Confused on DataKinds extension
Asked Answered
G

2

8

I learn type programming of Haskell from Basic Type Level Programming in Haskell but when it introduce DataKinds extension, there are something seems confusing from the example:

{-# LANGUAGE DataKinds #-}
data Nat = Zero | Succ Nat

Now, Nat is promoted to Kind, it is okay. But how about Zero and Succ?

I try to get some information from GHCi, so I type:

:kind Zero

it gives

Zero :: Nat

that is okay, Zero is a type has kind Nat, right? and I try:

:type Zero

it still gives:

Zero :: Nat

that means Zero has type Nat, that is impossible, since Nat is a kind not type, right? Does Nat is both a type and a kind ??

And other confusing thing is, above blog also mentioned that, when create Nat kind, there are two new types: 'Zero and 'Succ are created automatically. When I try it from GHCi again:

:kind 'Zero

gives

'Zero :: Nat

and

:type 'Zero

gives

 Syntax error on 'Zero

Okay, it proves that 'Zero is a type. but what is the purpose of creating 'Zero and 'Succ'??
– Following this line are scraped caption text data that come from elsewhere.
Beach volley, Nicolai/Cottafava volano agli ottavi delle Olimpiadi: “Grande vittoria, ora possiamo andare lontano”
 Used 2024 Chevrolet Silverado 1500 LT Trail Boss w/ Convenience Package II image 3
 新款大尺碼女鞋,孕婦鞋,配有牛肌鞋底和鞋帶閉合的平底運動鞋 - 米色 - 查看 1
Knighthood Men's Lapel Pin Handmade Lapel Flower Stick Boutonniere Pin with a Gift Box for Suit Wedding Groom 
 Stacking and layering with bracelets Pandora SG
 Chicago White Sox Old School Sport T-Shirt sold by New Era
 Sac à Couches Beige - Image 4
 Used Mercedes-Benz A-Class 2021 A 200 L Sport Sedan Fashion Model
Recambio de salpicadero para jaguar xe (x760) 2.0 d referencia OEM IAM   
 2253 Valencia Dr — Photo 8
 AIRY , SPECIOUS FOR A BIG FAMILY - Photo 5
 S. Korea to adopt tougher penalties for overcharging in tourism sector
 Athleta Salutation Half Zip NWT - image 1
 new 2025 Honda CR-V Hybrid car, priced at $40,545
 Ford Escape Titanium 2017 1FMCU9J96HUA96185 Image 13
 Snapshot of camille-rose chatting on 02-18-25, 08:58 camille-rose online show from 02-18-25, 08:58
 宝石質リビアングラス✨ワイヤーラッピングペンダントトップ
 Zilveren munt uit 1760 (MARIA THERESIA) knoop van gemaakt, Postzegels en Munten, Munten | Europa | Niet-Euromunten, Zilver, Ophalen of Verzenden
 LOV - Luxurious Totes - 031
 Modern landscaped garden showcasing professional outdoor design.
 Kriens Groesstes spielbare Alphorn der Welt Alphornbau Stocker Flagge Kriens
Glutenous answered 17/12, 2018 at 9:52 Comment(0)
V
14

In unextended Haskell, the declaration

data A = B

defines two new entities, one each at the computation and type level:

  1. At the type level, a new base type named A (of kind *), and
  2. At the computation level, a new base computation named B (of type A).

When you turn on DataKinds, the declaration

data A = B

now defines four new entities, one at the computation level, two at the type level, and one at the kind level:

  1. At the kind level, a new base kind A,
  2. At the type level, a new base type 'B (of kind A),
  3. At the type level, a new base type A (of kind *), and
  4. At the computation level, a new base computation B (of type A).

This is a strict superset of what we had before: the old (1) is now (3), and the old (2) is now (4).

These new entities explain the following interactions you described:

:type Zero
Zero :: Nat
:kind 'Zero
'Zero :: Nat
:type 'Zero
Syntax error on 'Zero

I think it's clear how it explains the first two. The last one it explains because 'Zero is a type-level thing -- you can't ask for the type of a type, only the type of a computation!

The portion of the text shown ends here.